Despite low results, Taub Center finds that Israel is still world leader in registered patents.

NACHUM BLASS (photo credit: TAUB CENTER)
NACHUM BLASS
(photo credit: TAUB CENTER)
Israel should not place too much stock in pupil achievements on international test scores, according to a report released Wednesday by the Taub Center for Social Policy Studies.
The study by Nachum Blass, a Taub Center principal researcher, comes out against what he terms the “excessive obsession” with the results of the international exams in Israel.
Blass compared Israel with eight other OECD countries and found that Israel’s investment in education is low, relative to the developed OECD countries. As such, there should not be an expectation of higher results in Israel than in other countries.
He further found that a high ranking of pupil achievement on international tests is not correlated with higher future socioeconomic indices in those countries.
According to the report, Israelis are better educated than in the OECD, with a large share of higher education graduates in the overall population – but the gap is closing.
The findings also indicated that teacher salaries in the country are low relative to the OECD. The report stated that salary is one of the most important factors in attracting and retaining high quality teachers in the education system.
In Israel, the starting salaries of teachers are very low on an international scale, the report found.
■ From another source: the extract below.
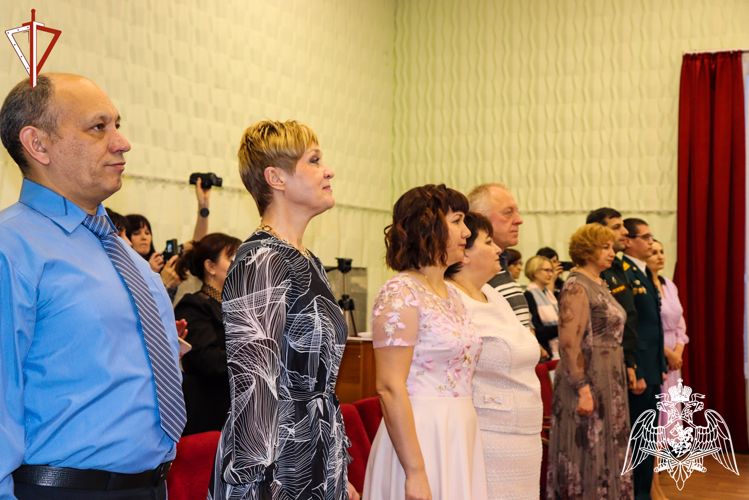 В Йошкар-Оле представители регионального управления Росгвардии приняли участие в открытии первого кадетского бала 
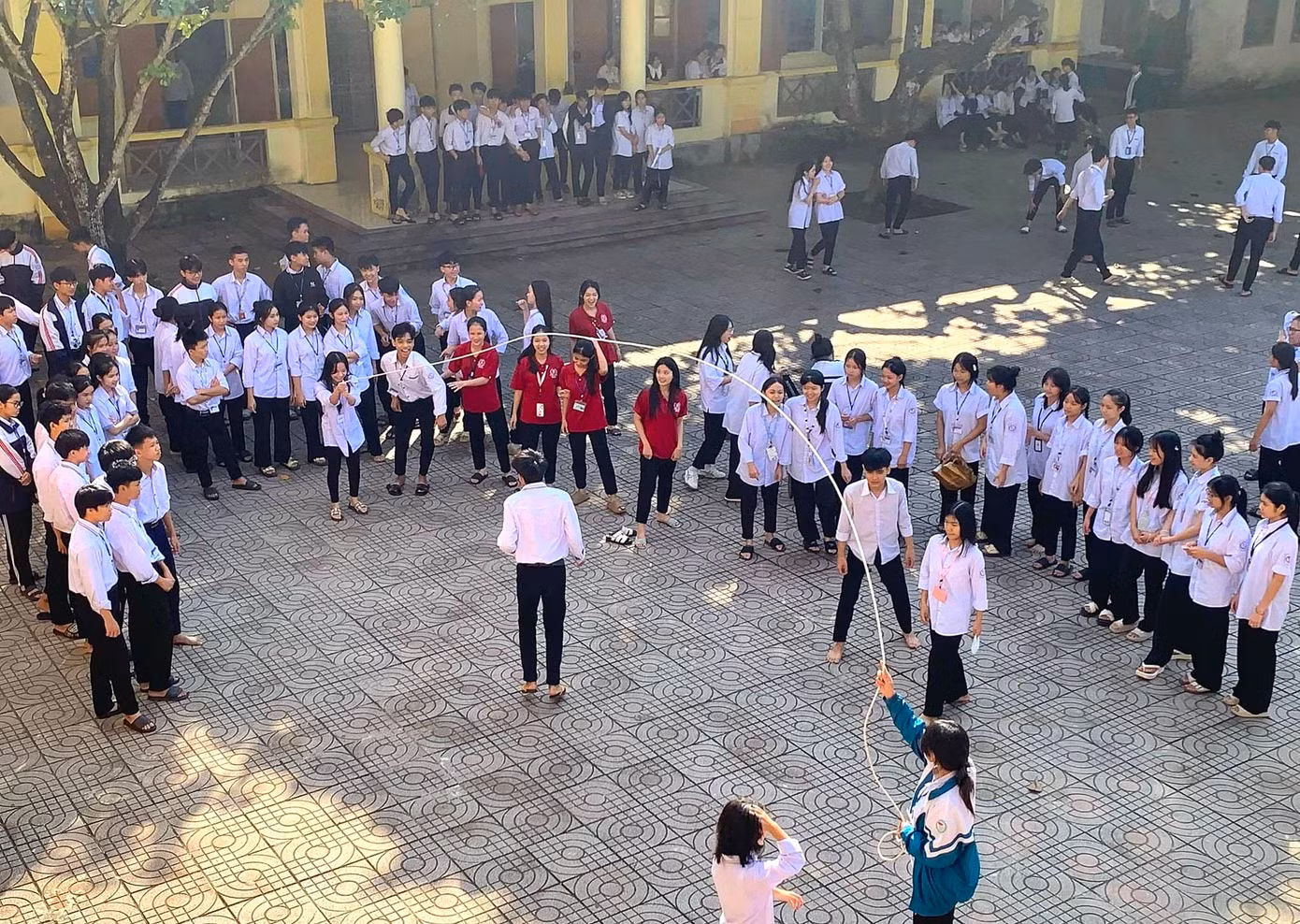 Trước đó vào ngày 19/10, Sở GD&amp;ĐT Nghệ An cùng với Công đoàn ngành Giáo dục tỉnh đã tổ chức Lễ phát động Cuộc vận động “Học sinh Nghệ An nói không với điện thoại trong buổi học”. Cuộc vận động nhằm xây dựng môi trường giáo dục phát triển, an toàn, lành mạnh, hạn chế mức thấp nhất những tác động tiêu cực của điện thoại di động đối với học sinh.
In 2012, an unexperienced primary school teacher with a BA degree in Israel earned about 67 percent of the average salary of a teacher with similar characteristics in the OECD, but with seniority the percentage rose to 88%. In lower secondary schools, the statistics are 59% and 72%, respectively.
Similarly, an additional criteria for examining the country’s situation with regards to education is the portion of the total budget allocated to education. Israel lags behind in this measure as well, the report found.
According to the study, the budget expenditure per pupil in the education system relative to GDP in Israel was low in comparison to the OECD.
In 2011, the expenditure per preschool pupil relative to per capita GDP stood at 13%, versus 21% in the OECD. At the upper secondary school level, the expenditure per pupil was 19% versus 26% on average in the OECD.
Only at the primary school level does Israel have a ratio that is similar to the OECD average – 23%.
The report noted that one reasons for the difference in allocations is that the share of children in Israel’s population is much higher than in the OECD, and closing this gap would require considerable additional resources.
According to Blass, another reason not to give so much weight to the scores on international tests is that the relationship between success on these tests and either the quality of the education system or the middle or long-term economic performance of a country has yet to be proven.
Despite the low test results in Israel, the report found that the country is still a world leader in registered patents.
“Although the education system in Israel is not counted among the world’s best in terms of international test scores, and despite all of its problems, the achievements of Israeli society in the fields of economics, culture and science indicate that it can be proud of the results,” he wrote.